Buddy adores his sister, Lily. He always has. He somehow knew I was pregnant before I did. I was doing anything I could to encourage his vocabulary, and I was trying to get him to learn parts of the body. I pointed to my belly and said, “belly.” He looked at it and said, “baby.” I tried correcting him, but he kept insisting. I smiled at him and went to tell him such a thing wasn’t possible, when I realized… I hadn’t had my period. In fact, I was a week overdue. A test confirmed it; I was pregnant with Lily. I have no idea how he knew.

Since then, the two have been inseparable. They do everything together. Even when I was holding her, he would try to get my attention to the fact that she was crying, and I needed to fix it. When he steals food, he sneaks her some. (I wish I could get him to understand that chocolate makes her sick!) When she needs blood drawn, I have to physically restrain him, or he attacks the doctors. When she was too small to climb, he would try to pick her up and help her. When he’s not in his own little world, his revolves around her.

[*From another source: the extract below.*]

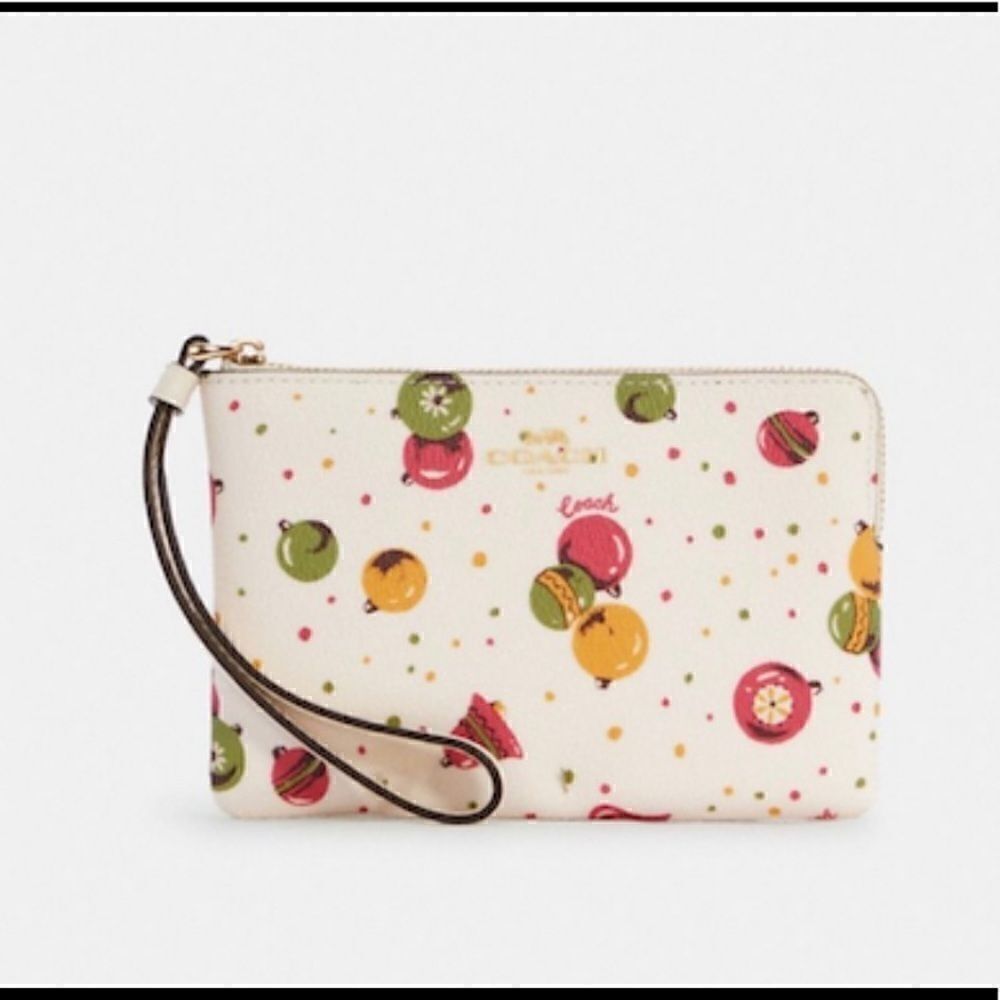 Coach Wristlet                 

I firmly believe that religious or not, everyone should take at least one day and set it aside to rest. I do no work that day, including cooking. Breakfast is doughnuts. This past Sunday, I set them on the table and gave one to each child, and told them that there was one more each if they wanted them. My bowels let me know they needed to empty now, so I rushed toward the bathroom to relieve myself. I eventually heard cries, so I tried to keep things inside and went back out. Lily is sobbing, her poor little heart broken. Buddy had decided that he wanted more than just one more doughnut, so he ate hers, too.

“Buddy ate my doughnut!” she cries, looking at me with all the expectation that Mama can make it better. I go and find Buddy.

“Buddy, did you eat Karen’s doughnut?”

“Yes.”

“Why? That was Karen’s doughnut.”

“But I was hungry.”

That, right there, sums up the way he thinks. Someone recently told me that Asperger’s is just a way for selfishness to be accepted. It hurt to hear. Buddy loves his sister. His thinking was simply, “I am hungry. I see food. I’ll eat the food and not be hungry.” That’s it. It wasn’t like he thought, “I know Lily wants her doughnut, but I’m hungry, so I’ll take it and she can deal.”

This is where people cannot seem to understand autism. He is not intentionally selfish; it just doesn’t occur to him to think of others. Does he? Yes, sometimes, as I stated, he sneaks his sister snacks. Sometimes, he’ll ask her if she wants to watch a movie, and then he’ll put it in for her. (Don’t I get a say in if it’s movie time or not?) To hear that it’s “bad parenting” or “a spoiled child” shows how much more understand and acceptance autism needs. We don’t need awareness; we need education. We don’t need judgements; we need patience. Buddy is one of the most loving people I know; he can’t help but focus on his own needs, sometimes. Hopefully, with work and time, he will get better about it. I’ll keep you posted.